Data to examine
* * * *
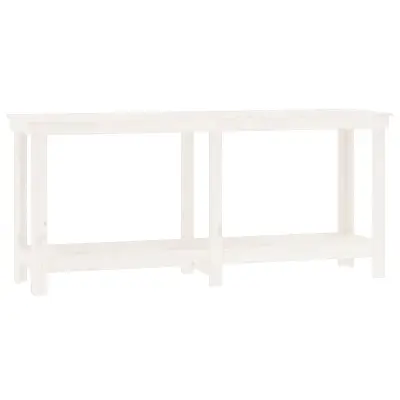 vidaXL Delovna miza bela 180x50x80 cm trdna borovina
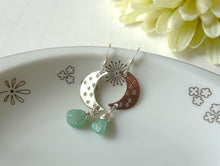 Load image into Gallery viewer, Silver Crescent Moon Earrings with Green Gemstone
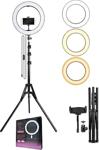 Lrsm Led Işıklı Adaptörlü Telefon Tutucu Makyaj Selfie Işığı Ring Light Kuaför Çekim Tripod Hediye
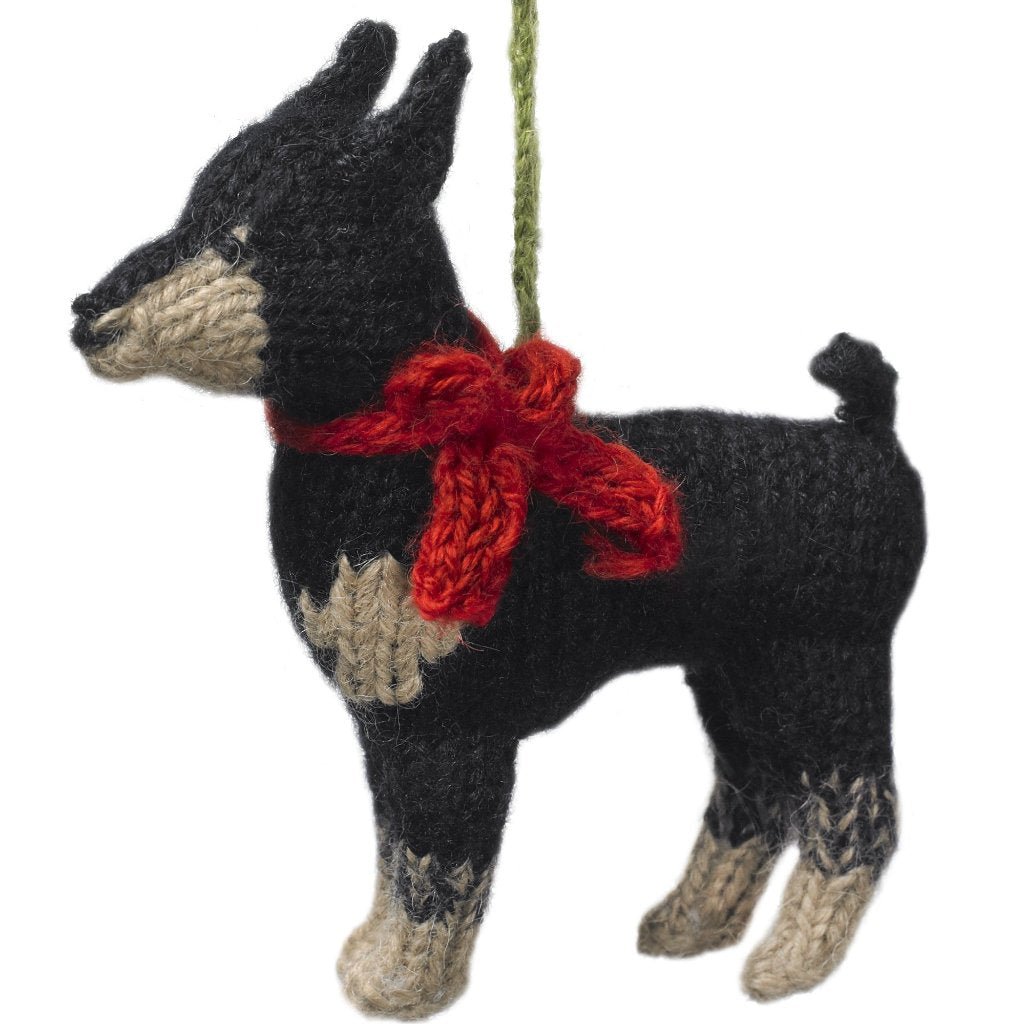 Doberman Pinscher Dog Hand Knit Christmas Ornament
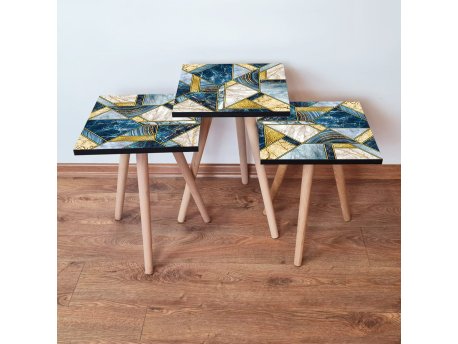 HANAH HOME Set 3 stočića 3Shp84 Navy Blue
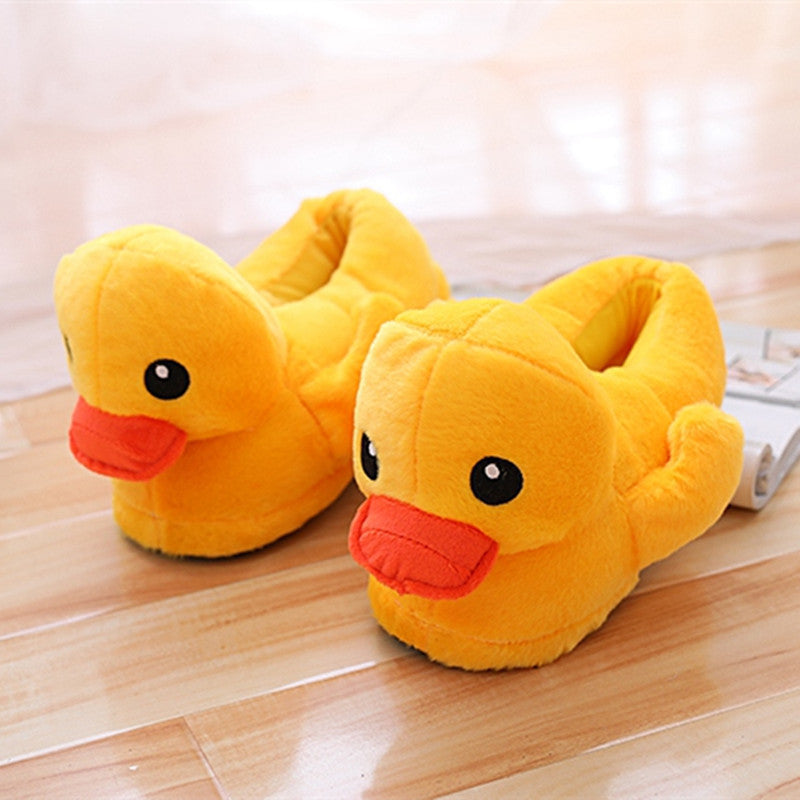 Cute Rubber Duck Plush Slippers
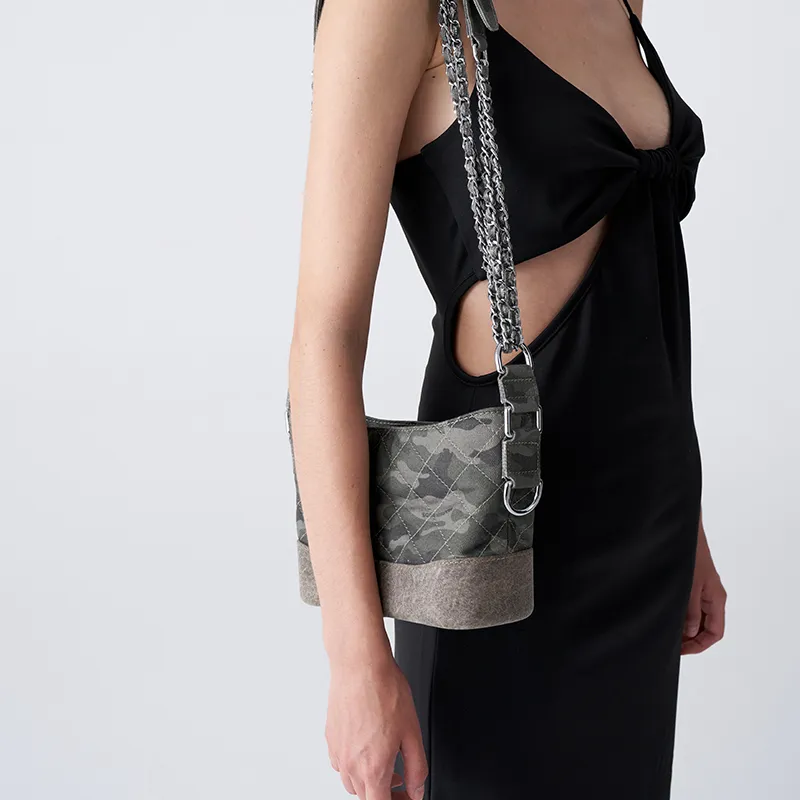 Margin Goods Yarn Khaki Fabric Hobo Bag, Crossbody Bag, Shoulder Bag Large Size Women's Camouflage-9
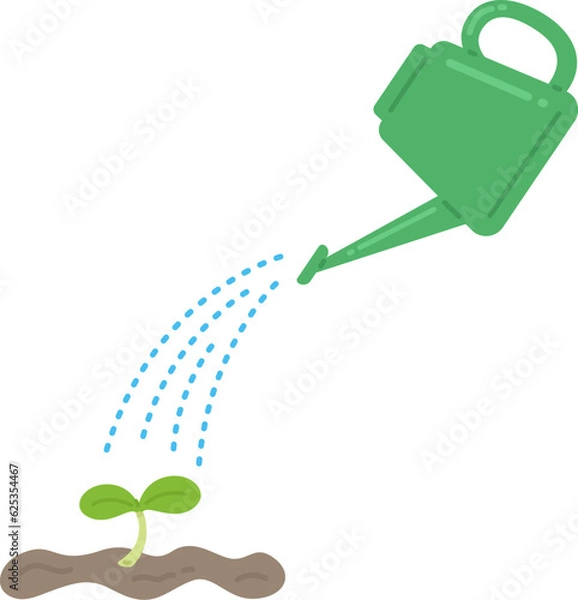 Obraz 植物に、じょうろで水やりするシーンのイラスト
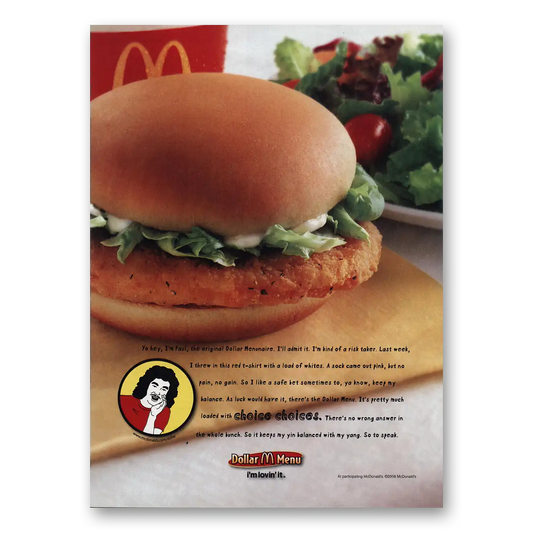 2009 McDonalds Dollar Menu Vintage Magazine Print Ad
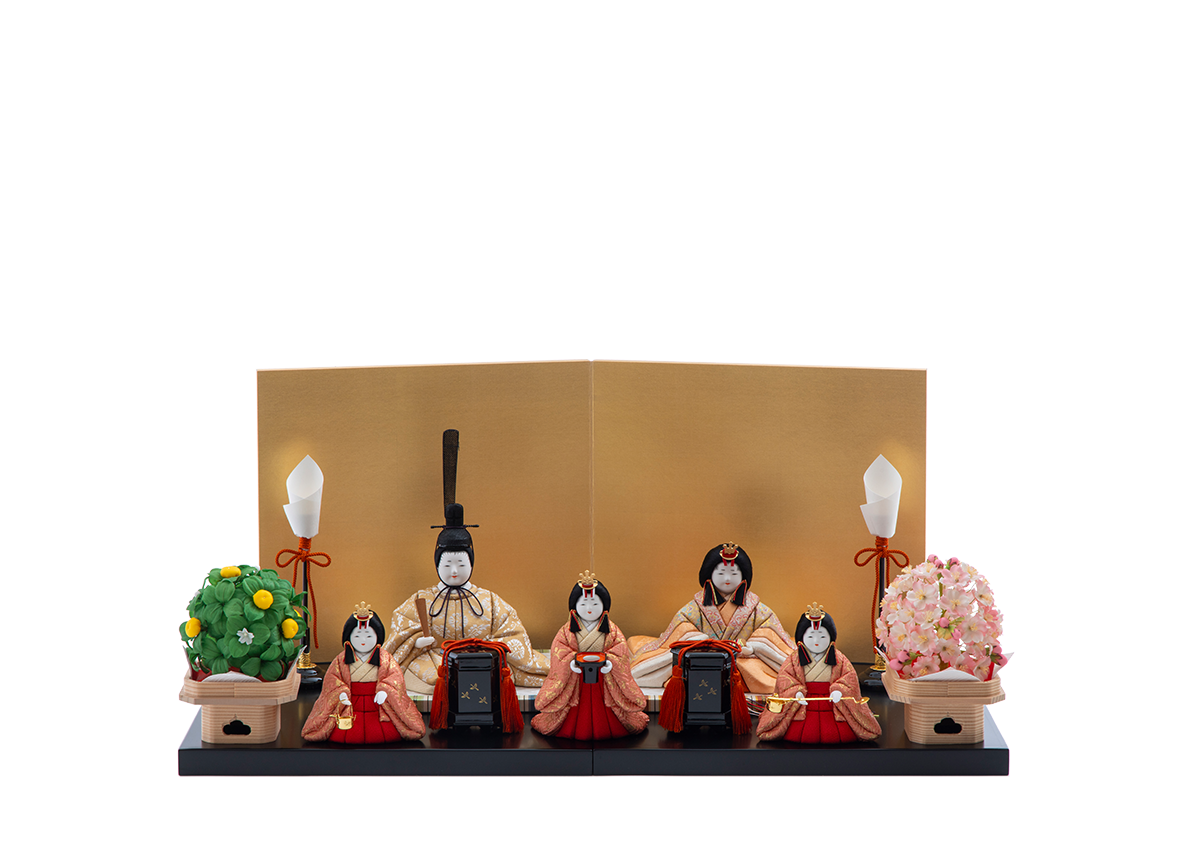 美品 原孝州 お雛様 雛人形 三段飾り 五人飾り 桜刺繍 光るぼんぼり 五人飾り | 五色 雛人形・五月人形の原孝洲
* * * *
Task details
Write every line of the data out again exactly, leaving out all images.

Finished exercise
 vidaXL Delovna miza bela 180x50x80 cm trdna borovina
 Load image into Gallery viewer, Silver Crescent Moon Earrings with Green Gemstone
 Lrsm Led Işıklı Adaptörlü Telefon Tutucu Makyaj Selfie Işığı Ring Light Kuaför Çekim Tripod Hediye
 Doberman Pinscher Dog Hand Knit Christmas Ornament
 HANAH HOME Set 3 stočića 3Shp84 Navy Blue
 Cute Rubber Duck Plush Slippers
 Margin Goods Yarn Khaki Fabric Hobo Bag, Crossbody Bag, Shoulder Bag Large Size Women's Camouflage-9
 Obraz 植物に、じょうろで水やりするシーンのイラスト
 2009 McDonalds Dollar Menu Vintage Magazine Print Ad
 美品 原孝州 お雛様 雛人形 三段飾り 五人飾り 桜刺繍 光るぼんぼり 五人飾り | 五色 雛人形・五月人形の原孝洲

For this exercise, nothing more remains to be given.